#### [Work required]
Every line from the one with "Aukcja sprzedaży 2018" through the final line of the entries below should be returned exactly; leave out all other lines.

#### [Data extracted from a collection]
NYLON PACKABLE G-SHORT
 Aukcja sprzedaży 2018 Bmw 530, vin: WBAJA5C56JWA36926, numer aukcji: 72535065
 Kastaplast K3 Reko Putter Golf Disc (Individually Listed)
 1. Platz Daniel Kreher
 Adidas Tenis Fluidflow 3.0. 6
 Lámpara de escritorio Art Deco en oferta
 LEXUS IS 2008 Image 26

#### [Task solution]
 Aukcja sprzedaży 2018 Bmw 530, vin: WBAJA5C56JWA36926, numer aukcji: 72535065
 Kastaplast K3 Reko Putter Golf Disc (Individually Listed)
 1. Platz Daniel Kreher
 Adidas Tenis Fluidflow 3.0. 6
 Lámpara de escritorio Art Deco en oferta
 LEXUS IS 2008 Image 26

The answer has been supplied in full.